Diehard Japanese football fans have been warned to tone down their cheers to avoid trouble when the Blue Samurai clash with bitter rivals North Korea next week in their away World Cup qualifier.
Supporters should refrain from the use of loud speakers and spirited drum beating at the Kim II-Sung Stadium during Tuesday's match in Pyongyang, said Nishitetsu Travel, logistical coordinator for Japan's official tour.
Japanese national flags and banners also will not be welcome "to avoid any potential troubles," the travel agency said.
"We are going to a nation with which Japan has not diplomatic relations. Should something unexpected happen, we will not have the Japanese embassy or a consulate," to help, said Takeshi Kumai, an official with the travel agency.

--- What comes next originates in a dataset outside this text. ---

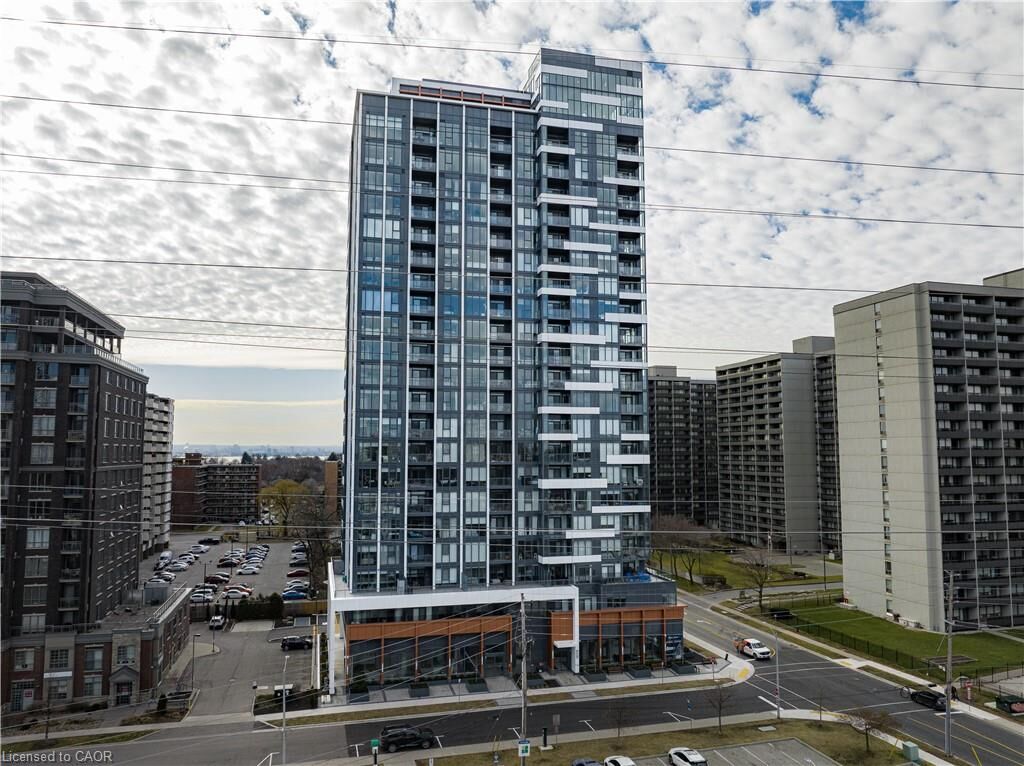 Property Photo: 500 Brock Avenue 201 ON L7S 0A5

"We believe the customers understand the situation," he said, also urging fans to refrain from displaying anything with political connotations.
Relations are tense between Japan, which once colonised the Korean peninsula, and North Korea, whose agents in the 1970s and 80s abducted Japanese citizens to help train Pyongyang's spies in Japanese language and customs.

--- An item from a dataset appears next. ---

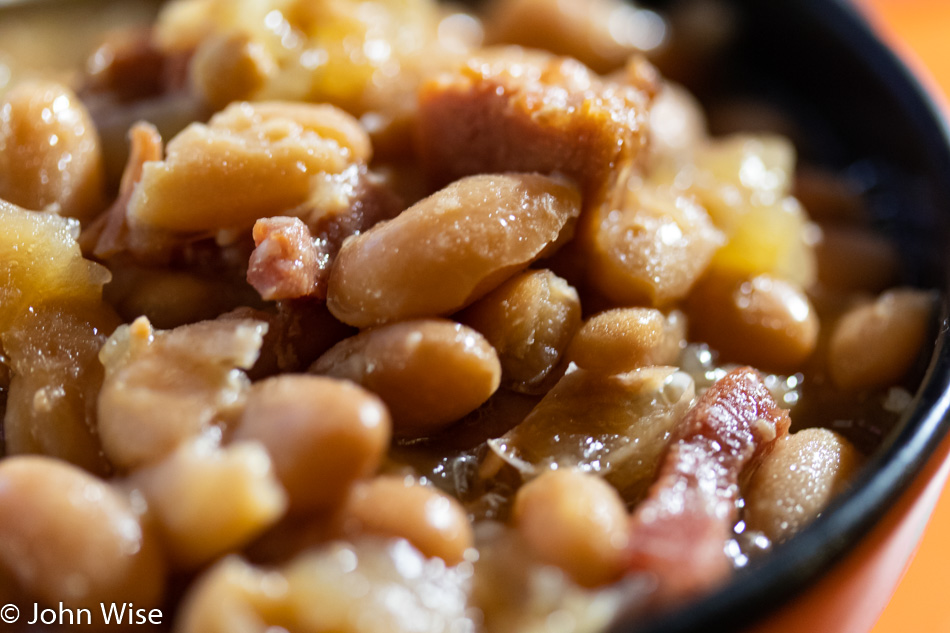 Peruano Beans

The Japanese expect a tough battle against the North Koreans who will be making an all-out effort to win their home game after a nailbiting 0-1 loss at their previous encounter in September in Saitama, north of Tokyo.
For the upcoming game, North Korea's football authority has set aside a total of 150 seats for Japanese spectators.
The Japan Football Association was given 70 of the tickets, and sold 65 of them for fans through the official tour, which sold out quickly.
North Korea has also allowed 10 Japanese journalists to cover the game, which will be broadcast live for Japanese TV viewers.
The tour will leave Japan on Monday for Pyongyang via Beijing, where participants will give up their mobile phones until they leave North Korea.
The fans will have a sightseeing tour of Pyongyang in Tuesday morning, before the early evening kickoff.
"Travellers will be advised to follow instructions from (North Korean) attendants during their stay," Kumai said.
Japan and North Korea have had tense ties, but have been placed in the same Asian qualifying round Group C along with Uzbekistan and Tajikistan.
The Japanese government will dispatch a team of 13 officials to Pyongyang from Saturday through Wednesday in an effort to minimise the risk of "unforeseen events" for the fans, Foreign Minister Koichiro Gemba told reporters.
The Japanese government urged those going to North Korea to "abide by the various restrictions," Chief Cabinet Secretary Osamu Fujimura said.
Tokyo imposes sanctions on the secretive neighbor in protest at its nuclear weapons programmes and its reluctance to come clean on the fate of Japanese nationals it admitted to kidnapping in the Cold War years.
North Korea has demanded Japan to atone for its harsh colonial rule of the Korean peninsula before and during the World War II, and said its nuclear programmes are for peaceful use.